-- What to do --
The lines below starting at the line containing "Positioned on prestigious" and ending at the line containing "478 King St W, 611, Toronto - Photo 5 of 40" are to be repeated exactly, with both ends kept and nothing else added.

-- Data extracts --

┌────────

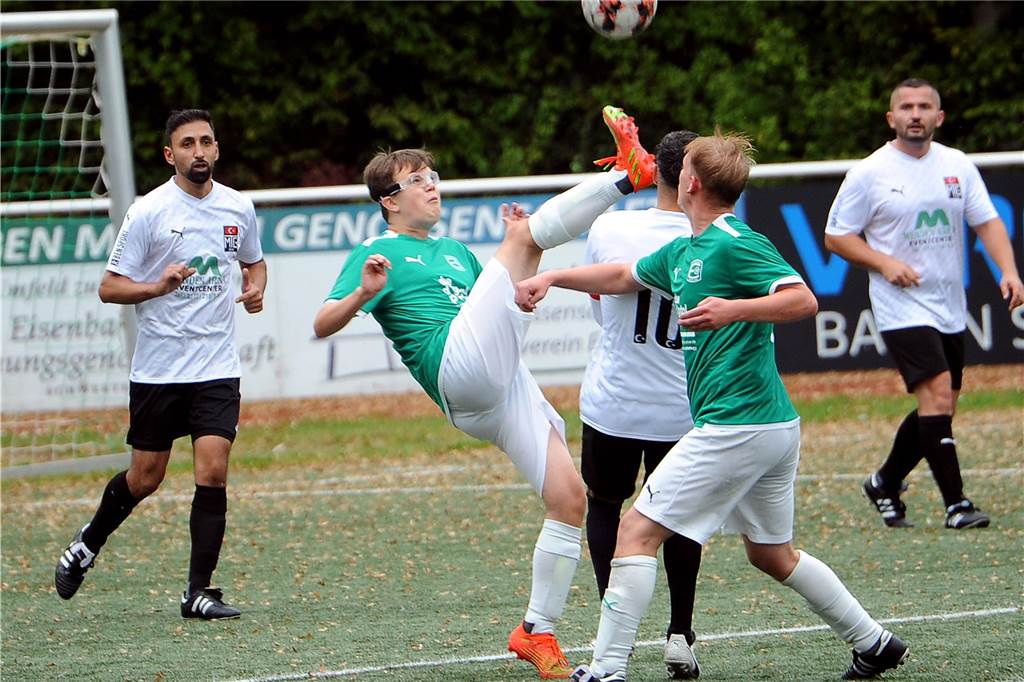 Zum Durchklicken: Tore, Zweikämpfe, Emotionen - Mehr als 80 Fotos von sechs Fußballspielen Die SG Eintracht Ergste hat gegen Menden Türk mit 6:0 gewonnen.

└────────
┌────────

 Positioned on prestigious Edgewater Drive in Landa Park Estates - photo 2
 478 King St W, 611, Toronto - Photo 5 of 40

└────────
┌────────

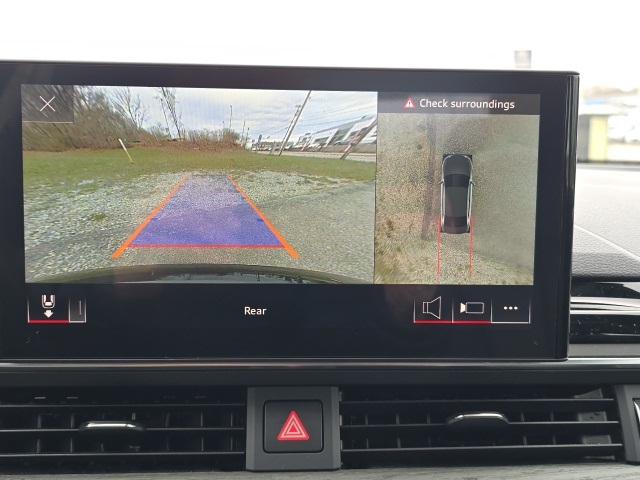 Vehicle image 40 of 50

└────────

-- Your response --
 Positioned on prestigious Edgewater Drive in Landa Park Estates - photo 2
 478 King St W, 611, Toronto - Photo 5 of 40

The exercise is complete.